[Entries supplied]

#####

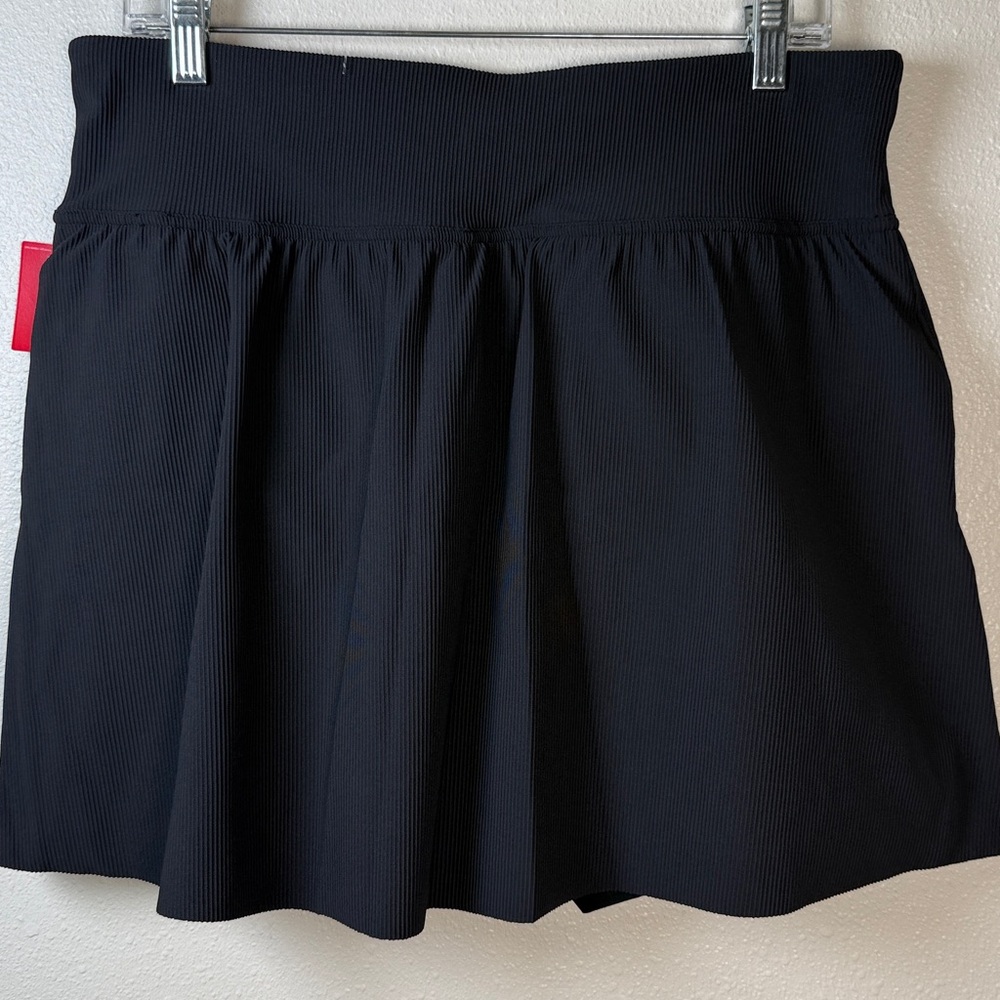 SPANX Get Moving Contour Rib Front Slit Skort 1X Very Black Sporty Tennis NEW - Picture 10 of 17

#####

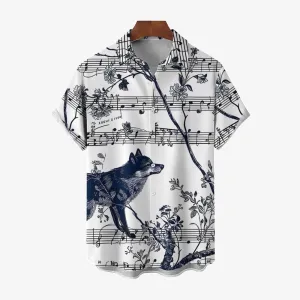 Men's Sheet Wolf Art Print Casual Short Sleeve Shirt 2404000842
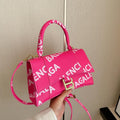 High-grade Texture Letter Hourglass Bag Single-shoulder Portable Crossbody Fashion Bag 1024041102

#####

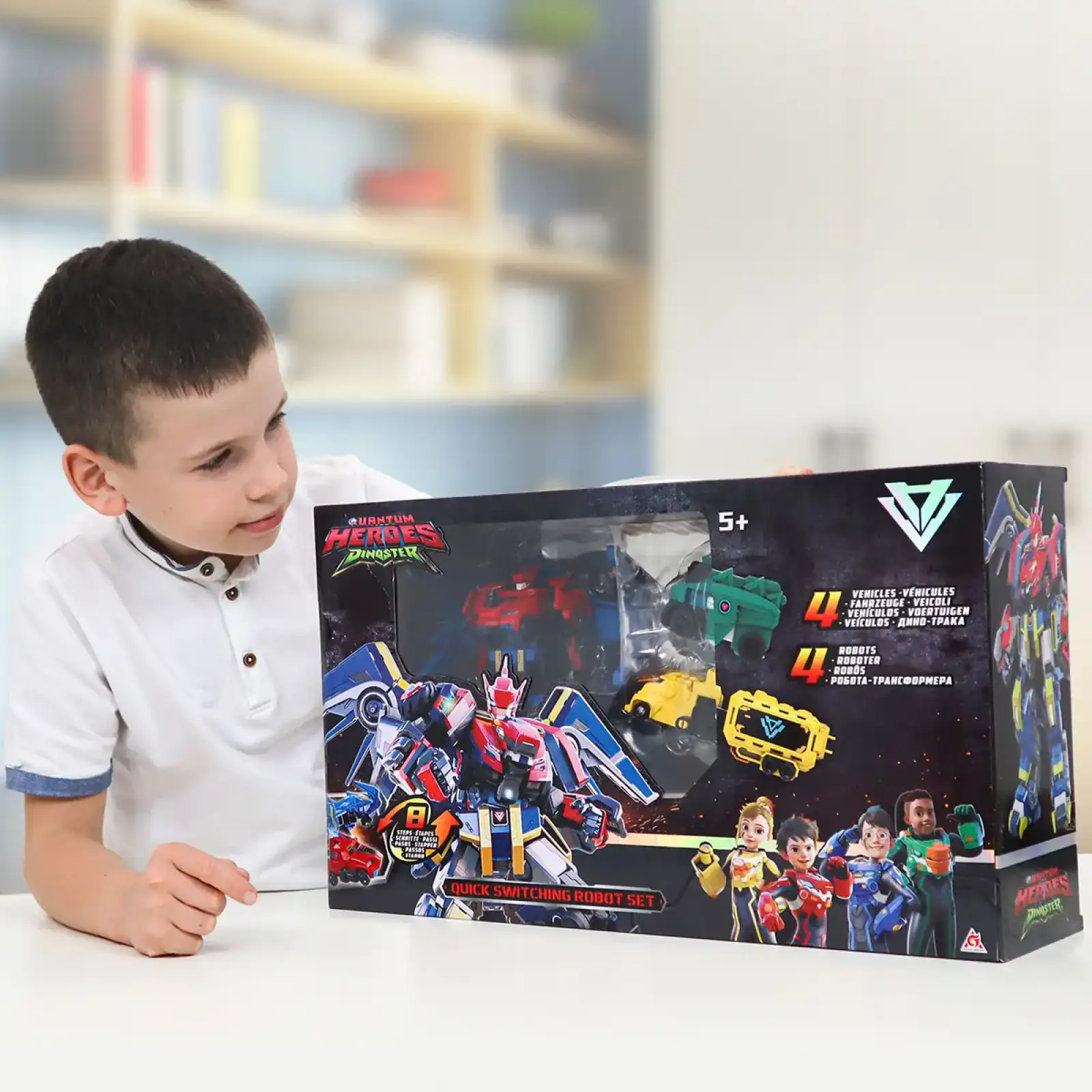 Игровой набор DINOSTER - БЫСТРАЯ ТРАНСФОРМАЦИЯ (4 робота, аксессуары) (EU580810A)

#####

[Exercise directions] Leave the pictures out. Output, exactly, the lines of the material above starting at the line containing "Men's Sheet Wolf" and ending at the line containing "High-grade Texture Letter".

[Problem solution]
 Men's Sheet Wolf Art Print Casual Short Sleeve Shirt 2404000842
 High-grade Texture Letter Hourglass Bag Single-shoulder Portable Crossbody Fashion Bag 1024041102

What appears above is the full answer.